**** Information given ****

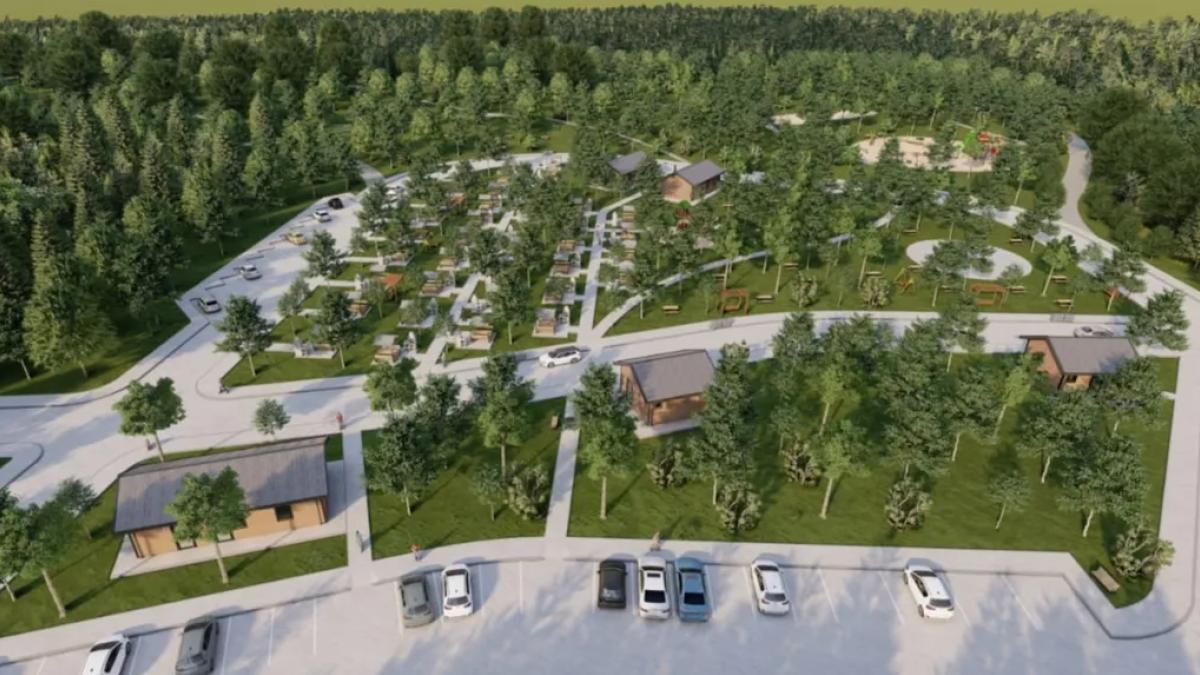 Sakarya'da 80 dönüm üzerine doğa projesi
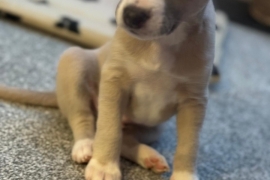 Whippet puppies 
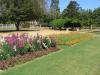 gal/03-Oceanie/32-Australie/02-Queensland/04-Toowoomba/03-Laurel_Bank_Park/_thb_DSC04465.jpg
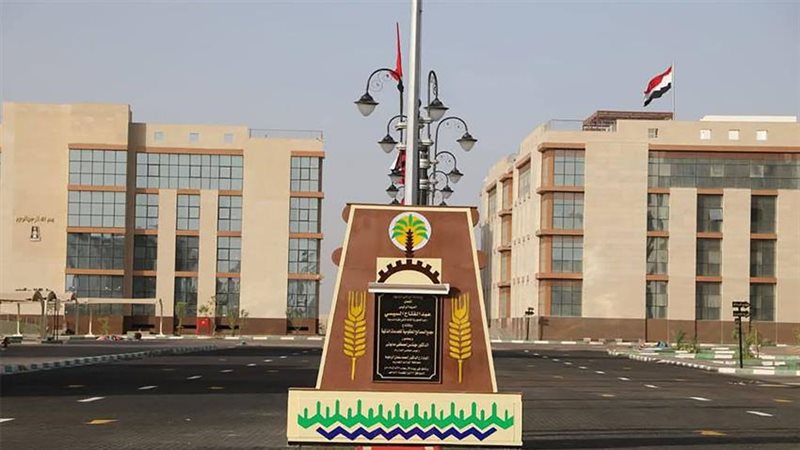 64 فرصة عمل للشباب بالوادي الجديد في القطاع الزراعي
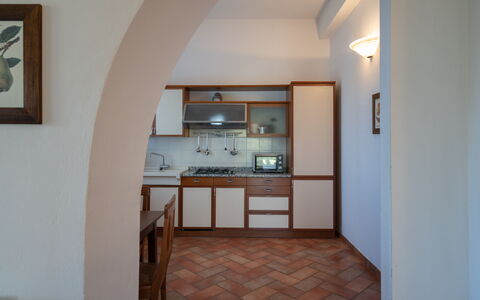 rocche-di-valiano-chianti-castelnuovo-berardenga-multiproprietà-geranio-cucina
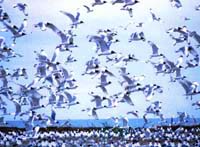 Atyrauskaya Oblast. Kazakhstan cities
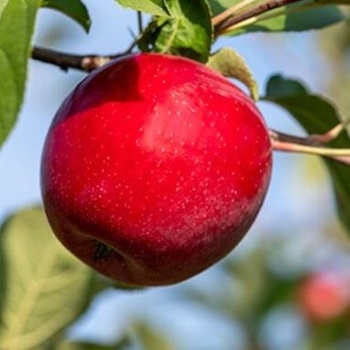 Malus domestica 'MN-33' PP35,830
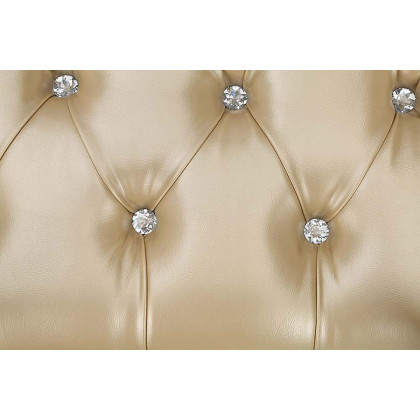 ACME - Danae Bench in Champagne/Gold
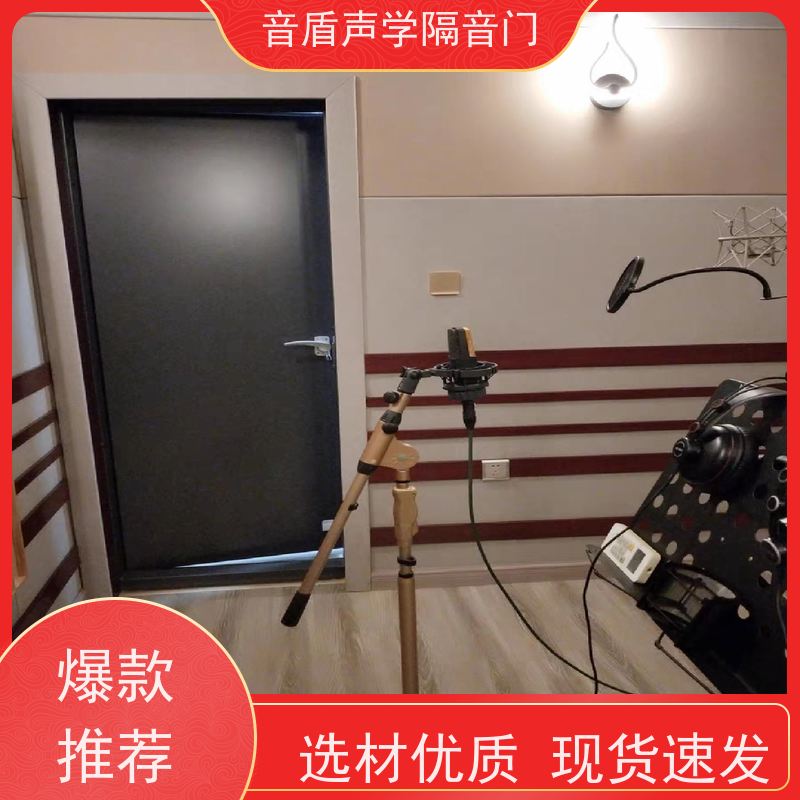 音盾声学 录音棚 静音门 品质保证 定制生产厂家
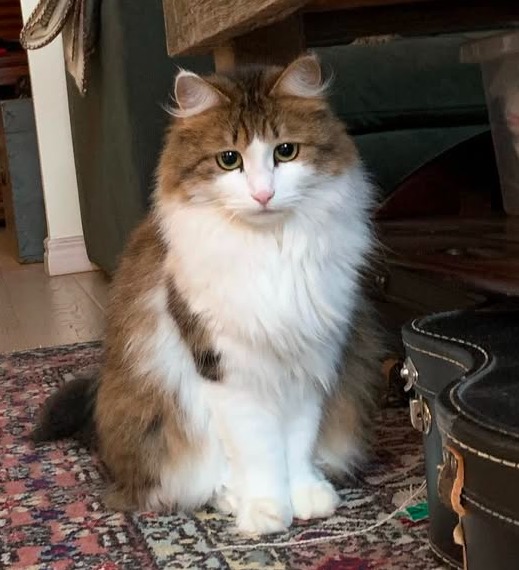 Sibirisk katt Gloria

****

— Task to complete —
Each line from the one containing "ACME - Danae Bench in Champagne/Gold" through the last line of the entries above is to be extracted exactly. Pictures are not part of the copy.

— Exercise result —
 ACME - Danae Bench in Champagne/Gold
 音盾声学 录音棚 静音门 品质保证 定制生产厂家
 Sibirisk katt Gloria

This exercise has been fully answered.